So I looked it up on the school computer, like where I can learn more about Qigong and you to do it
with this practitioner, it met in a Buddhist temple. It's not a Buddhist thing, but it met in a
Buddhist temple. And so I had some alarm bells go off, but I also was kind of like,
that's okay with me. But I told my friends and they all were like,
you can't do that. Like you can't. You can't go into a Buddhist temple and pursue something that is
sort of, I guess you could see it as some kind of something spiritual. And I remember really at
first like kind of pushing back, but then just kind of crumpling and accepting it.
Not like they defeated me, but like they're right. As much as I wish they weren't right, they're
right. And the funny thing is, I never really forgot about Qigong.
I just saw that just down the road, there's a place that offers it. Wow. Just on over,
yeah, a block or two over from my house. And I was like, it might be time to honor that experience
again and go back to it. So it was kind of like, what I received just from that exercise was a
different approach. A different set of practices and assumptions about energy and power and life.

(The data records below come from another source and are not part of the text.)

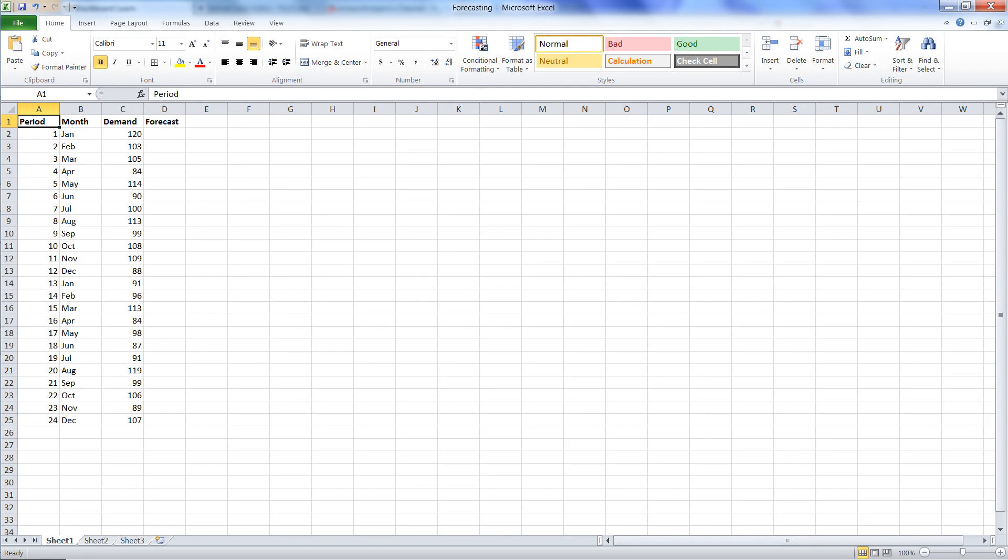Hi, this is an example on how to do forecasting in Excel. In the first video, I showed you how to do the naive forecast.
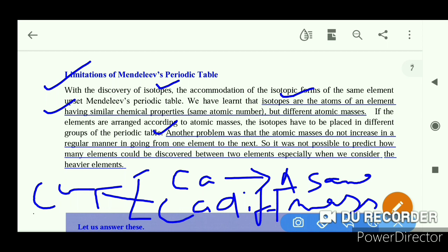Atomic mass does not increase in a regular manner when going from one element to the next. So it was not possible to predict how many elements could be discovered between two elements.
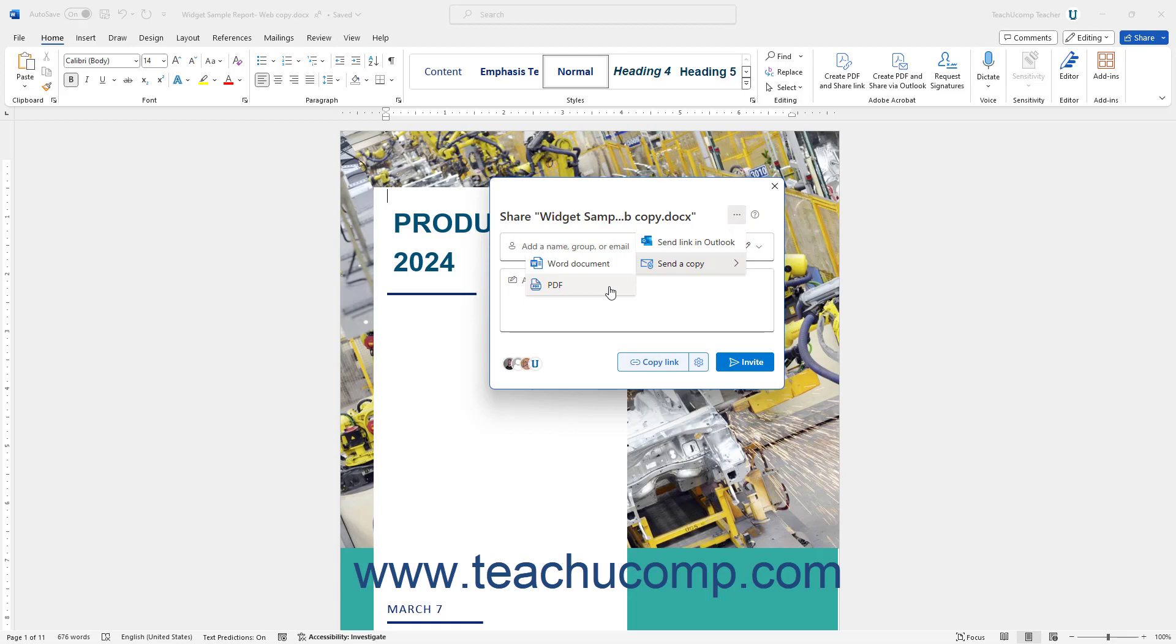Note that this is not a shared document, however, and they are simply being sent a copy of the document. To close the Share pane when finished, click the X button in its upper right corner.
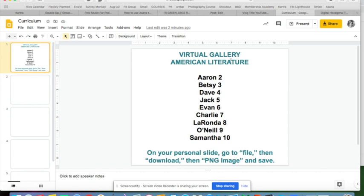There are instructions at the bottom: on their personal slide, students go to File, then Download, then download their slide as a PNG image and save it. They need to grab that PNG image so they can then drop it into the gallery.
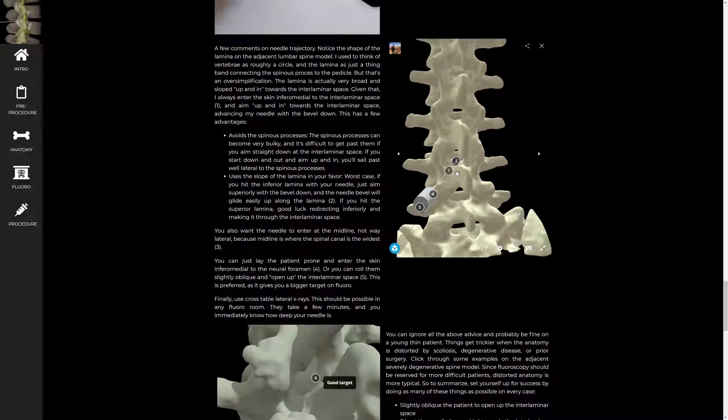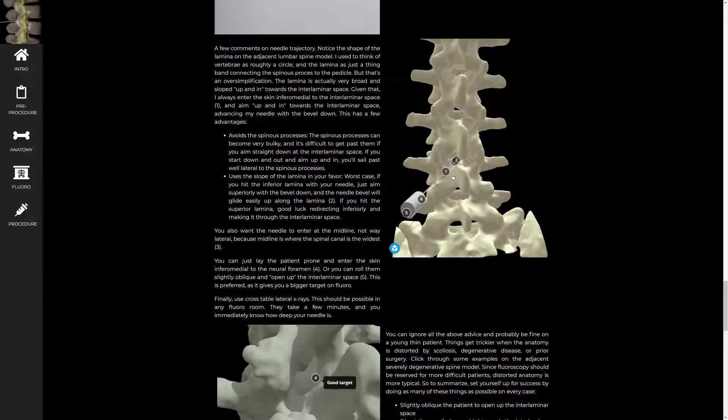I'm on the lamina. I just have to direct up and it should do that without any problem and you'll slide right into the spinal canal.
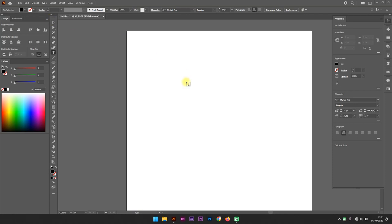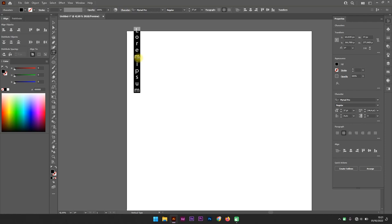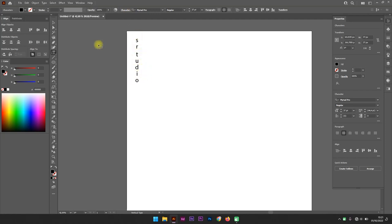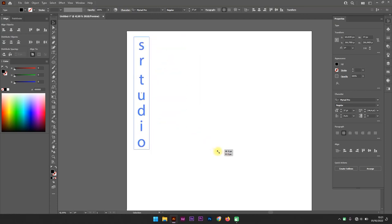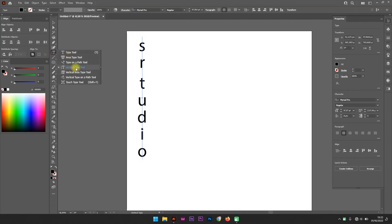Back again to SR Studio. Today we want to learn about the vertical type tool. This tool arranges your text vertically. If you click here, you can see the text is arranged vertically. If you want to write some vertical text, you should use the vertical type tool.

Things that were good that left everyone in that room feeling stronger and better and more present.
Wow.
And I don't know. I feel like it wasn't something that could have been offered to me in the
evangelical world I was in. Yeah. It didn't have those resources. So it wasn't just. I can read,
I can find the good in this through my Christian lens. It was like, I'm genuinely surprised by
that. There's other good things out there. Yes. I know again, that sounds so normal,
but the fact that it's like kind of revolutionary shows like that the Christian Western Christian
has a ways to go for relating to. other faiths and spiritualities in a,
in, in like a healthy way. Totally. Totally. I mean, like if this is the cosmos and we know that
Jesus is the savior of the world, the word is cosmos and the original Greek and new Testament,
right. If this is the cosmos, I mean, cosmos is, you know, quite infinite. Like we have no idea.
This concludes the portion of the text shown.